Precious stone Posted on December 8, 2013

It is typical of our national taste in gardening that a rockery is a place to grow plants we categorise as suitable and appropriate – rather than a place to admire rocks. Rock-worship is something bizarre and eccentric indulged in by the Chinese (craggy rocks, usually on end) and the Japanese (smooth rocks, often lying down), while we pursue our obsession with flowers and leaves.

Tell English gardeners that a warlord of a thousand years ago took the garden rocks of his defeated rival as trophies, transporting them to his own garden miles away, and they will roll their eyes. “And pine trees” you add, and faint comprehension dawns. Trees are plants. Excessive, perhaps, and impractical, but moving plants, even as booty, is something we understand. When we incorporate stone in our gardens, and not as a support for “alpine” plants, we cut and dress it into architectural forms.

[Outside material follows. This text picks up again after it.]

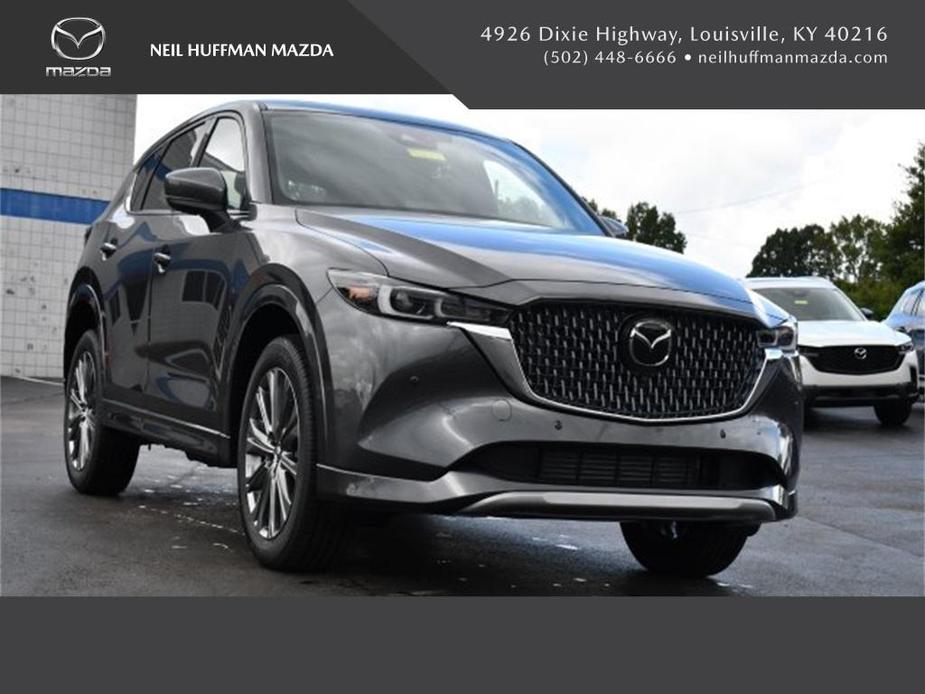 new 2025 Mazda CX-5 car, priced at $41,795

We do recognise menhirs. A fine standing stone has a place in our culture. One of the finest (I claim, with no modesty at all) is the rock I carried from North Wales to our old garden at Saling Hall. In its height (nearly 9 feet), its texture (grey granite patterned with lichens that vary from light green to dull orange with the seasons), the frozen flow of its formation and the cragginess of its top, like a distant summit, it draws visitors like a splendid sculpture – and stays indelibly in my mind.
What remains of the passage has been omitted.